Él predice que muchos profesionales recibirán un tratamiento similar a manos de los robots. Es comprensible que muchos tengan pocas ganas de esperar que el viento de la ventaja comparativa sople en su dirección. Los que fueron arrastrados por la cola de la globalización solo sintieron su aguijón.

Descontando el capital humano
La creciente desigualdad ha jugado un papel grande en el descontento de los manufactureros, especialmente en las economías en vías de desarrollo. Bremmer ofrece el ejemplo de Nigeria, donde el número de millonarios creció en 44% entre el 2004 y 2010, pero la población de pobres se expandió en 70% a 112 millones.

No es sorprendente que las elites y corporaciones hayan sido más rápidas para adaptarse que sus pares más pesados en los gobiernos, escuelas, iglesias y sindicatos. Tampoco sorprende que los países donde tales instituciones son débiles, o se debilitan particularmente rápido, sean más vulnerables. La solución yace en el cambio institucional, pero grandes porciones de los capítulos concluyentes de Bremmer son más parecidos a garabatos en una servilleta de un cóctel de Davos, que a programas serios. "Hay otra manera", escribe, pero pierde el hilo.

Pide reformular el contrato social, más inversión en educación y un enfoque diferente para los impuestos. Está indeciso sobre gravar a los robots para compensar a los trabajadores reemplazados por máquinas; es poco entusiasta con el "ingreso básico universal" que daría a todo el mundo un estipendio básico para vivir. Está entusiasmado con el papel que podrían jugar las compañías tecnológicas como Facebook y Google para defender a la democracia, intrigado por el programa biométrico Aadhaar de India, y encantado con las organizaciones no gubernamentales que entregan tabletas de aprendizaje en campos de refugiados. Aun así, "Nosotros vs Ellos" dedica más tiempo a tirar nombres de ideas que a armar una agenda.

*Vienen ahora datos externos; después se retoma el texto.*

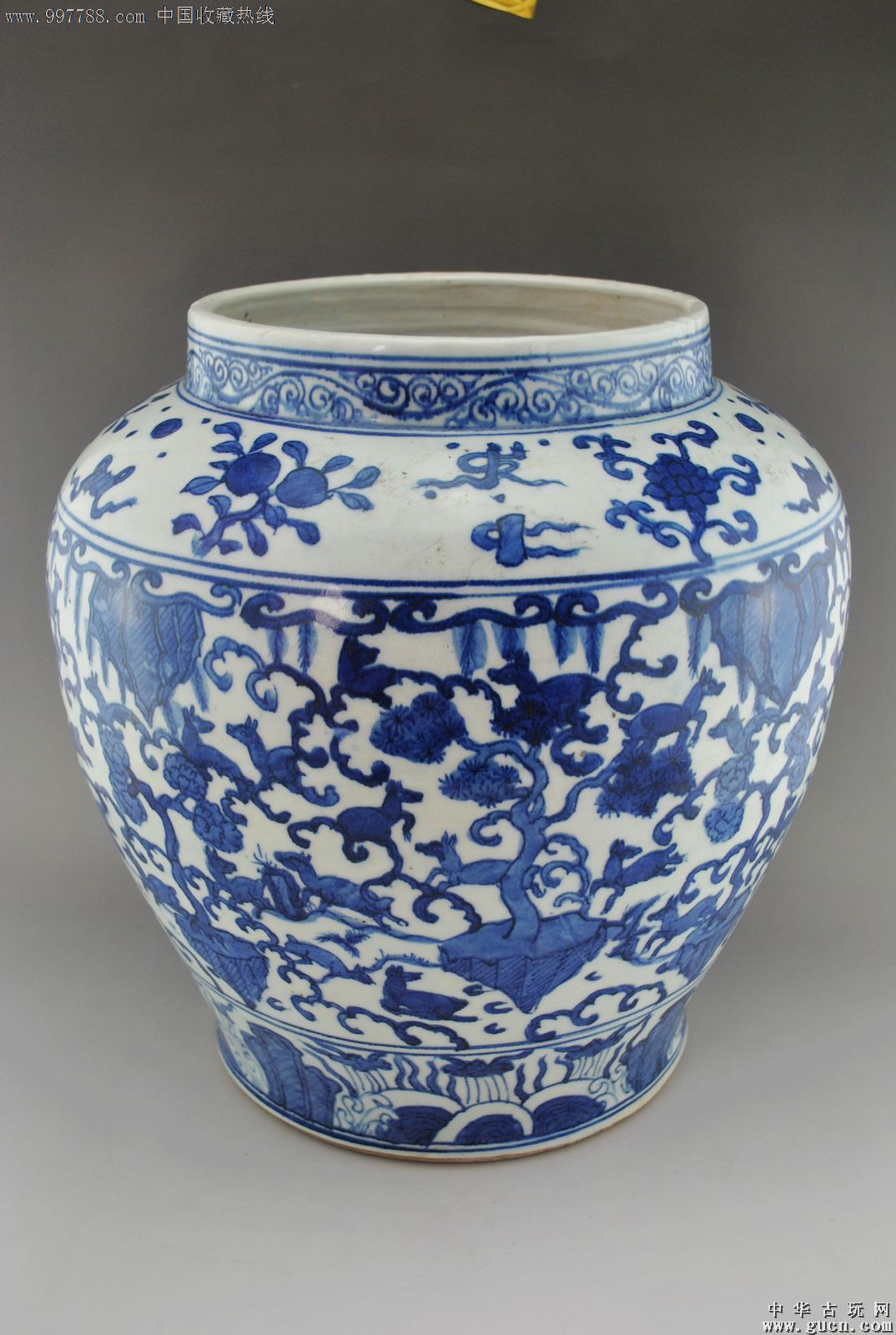 明万历青花百鹿图大罐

Hay una clase de institución pública que tiene más poder que cualquier otra para aliviar, o agravar, todas esas cuestiones: la escuela. Los sistemas educativos varias veces fracasaron en amortiguar a las sociedades contra el impacto del libre comercio y la migración. En Estados Unidos, los políticos han estado lidiando con los despidos provocados por la dislocación económica por décadas, pero la situación persiste. Las universidades producen vastas cantidades de graduados capaces de construir moléculas o diseñar derivados exóticos, pero todavía son susceptibles a ideas políticas infantiles.

El gasto público mundial promedio en educación como porcentaje del PBI de hecho bajó durante lo más profundo de la crisis financiera, muestran los datos de Unesco. Eso subraya un problema de mercado: la inversión en escuelas tiende a caer justo cuando las sociedades más necesitan que suba. Al mismo tiempo, los maestros de primaria y secundaria ganan mucho menos que los profesores universitarios en la mayoría de los países. La escasa inversión en educación inicial efectivamente amplía la brecha de capacidades entre los que pueden pagar la universidad y el resto. Tales desequilibrios son grandes contribuyentes de la desigualdad económica y política, y dejan a los trabajadores vulnerables al cambio tecnológico. Los parches, como el ingreso básico universal, no resuelven tales problemas.

Hay razones por las cuales los humanos hablan alto sobre lo importante que es la educación, y luego votan reducir el financiamiento del preescolar. Hay razones por las cuales los autócratas prefieren especialistas con una educación estrecha, en lugar pensadores creativos. Quienes rompen muros deberían empezar a mirar a éste, y luego tomar un martillo.